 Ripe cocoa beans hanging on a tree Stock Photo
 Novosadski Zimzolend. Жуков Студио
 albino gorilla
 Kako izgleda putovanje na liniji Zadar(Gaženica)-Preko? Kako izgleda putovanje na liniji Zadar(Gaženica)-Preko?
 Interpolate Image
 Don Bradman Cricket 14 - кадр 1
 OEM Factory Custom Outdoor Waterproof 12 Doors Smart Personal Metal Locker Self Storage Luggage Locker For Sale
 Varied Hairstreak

EXERCISE BRIEF:
Your answer should consist only of the lines from the one with "Interpolate Image" through the end of the data above, reproduced exactly.

EXPECTED ANSWER:
 Interpolate Image
 Don Bradman Cricket 14 - кадр 1
 OEM Factory Custom Outdoor Waterproof 12 Doors Smart Personal Metal Locker Self Storage Luggage Locker For Sale
 Varied Hairstreak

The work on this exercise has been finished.